Material provided:
##########

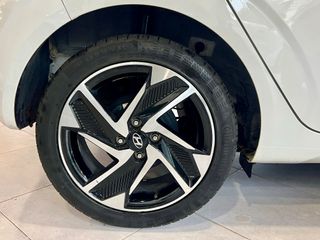 Hyundai i10 2021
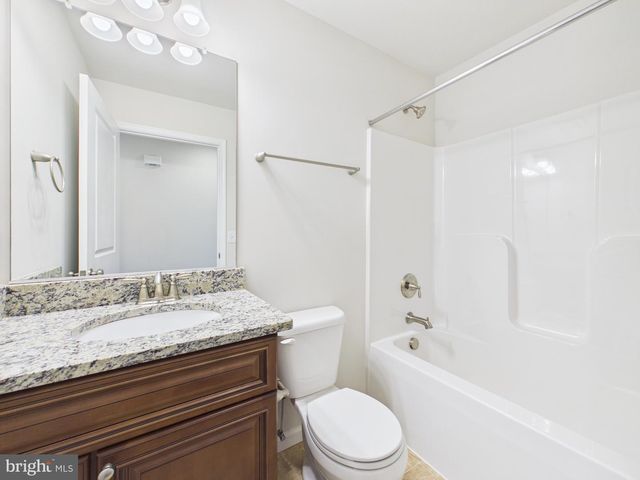 8 HOWARD CIR, Fredericksburg, VA 22405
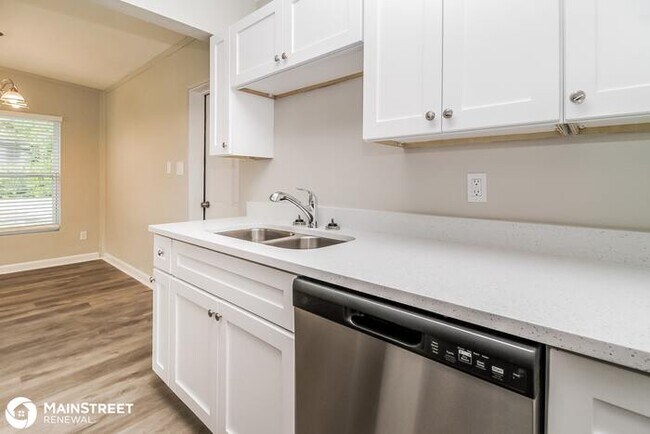 Building Photo - 616 E CHURCH AVE, LONGWOOD, FL 32750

##########

Activity: The whole listing should be printed again exactly as written, images excluded.

The completed task:
 Hyundai i10 2021
 8 HOWARD CIR, Fredericksburg, VA 22405
 Building Photo - 616 E CHURCH AVE, LONGWOOD, FL 32750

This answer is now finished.